Many people accuse the Catholic Church of being priggishly self-righteous. It irks me to no end that while people like Hamilton and the MSM are rubbing our noses into the failings of some priests and bishops, they fail to look at the much rather larger pile of do that's behind them.

Watch out, Latinos. Planned Parenthood's mobilizing

The Washington Post today carried an article saying that Hispanic population growth in the U.S. is now taking place more by births than by immigration. This is based on a Census Bureau report.

Hispanics accounted for about half the growth in the U.S. population since 2000, according to a Census Bureau report to be released today that indicates the nation's largest minority group is increasing its presence even faster than in the previous decade.

In another contrast to the 1990s, births have overtaken immigration this decade as the largest source of Hispanic growth.

Actually, this really isn't news. A few years ago at the Catholic Press Association convention in Dallas, one of the featured speakers was a demographer of Hispanic background. He was from one of the local institutions of higher learning, though his name and affiliation now escape me. This demographer told the Catholic editors and writers assembled there that the growth of the Hispanic population in Texas was huge, that it was due more to births than to immigration, and that it would fundamentally change a whole lot of things in that state.

So here I was at a gathering of fellow Catholic writers and editors and so I figured this guy had some sort of pro-life sympathies. Based on that assumption, I ask my question: "With all that you said in mind, is it safe to assume that Planned Parenthood is targeting or is going to be targeting young Hispanic women to have them get more abortions?" Here was (in essence -- I don't remember the exact quote) his answer: "Yes they are -- and they should!"

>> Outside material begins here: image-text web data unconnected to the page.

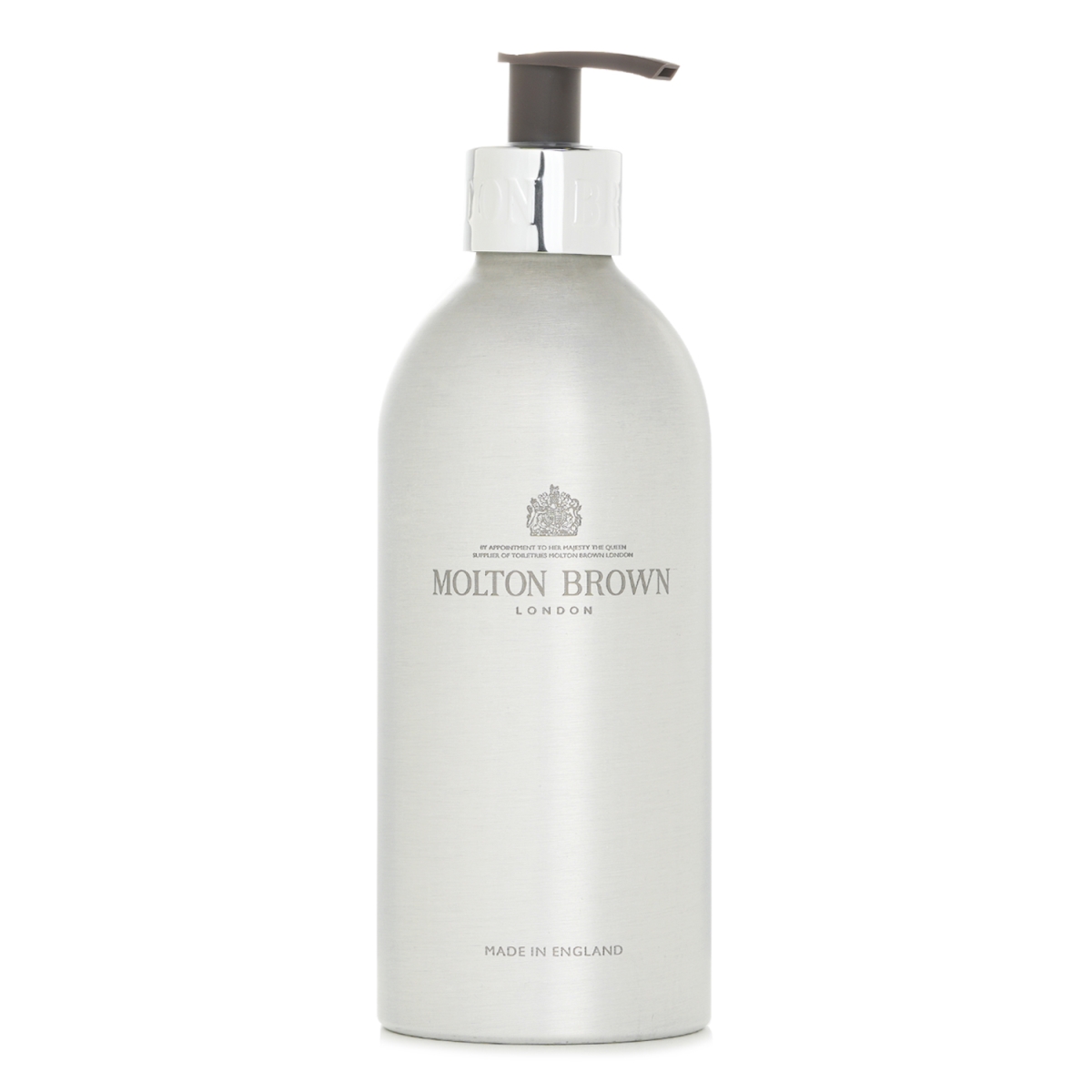 Molton Brown by Molton Brown Re-charge Black Pepper Bath & Shower Gel -400ml/13.5OZ (Infinite Bottle) for MEN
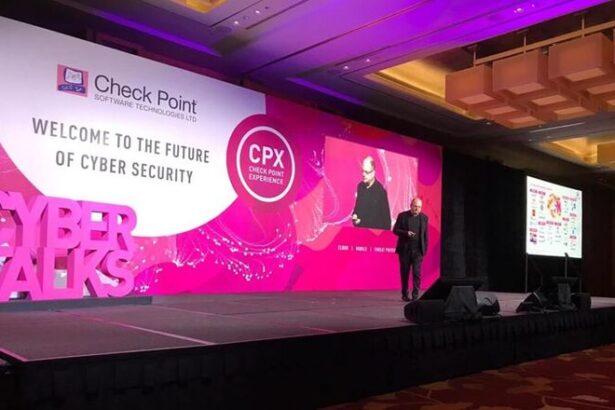 Check Point Simplifies Cloud Application Security with AI-Powered WAFaaS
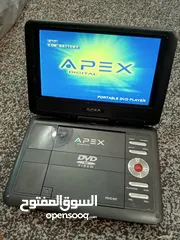  3 dvd ABEXجهاز نادر ما تلاقيه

I admit that I was shocked and don't remember anything more of what he said. I shouldn't have been shocked, but I was. The reason for the shock is because here's a guy saying members of his own race need to be controlled like animals. This can only be described as sick type of envy of white people and a detestation of his own God-given dignity as a member of a particular family.

So, Latinos, watch out -- with a story like the Post's today, that is only going to increase Planned Parenthood's efforts to be the thought and womb police and destroy your children. But not only that, there's something worse -- your own people are willing to betray you to them.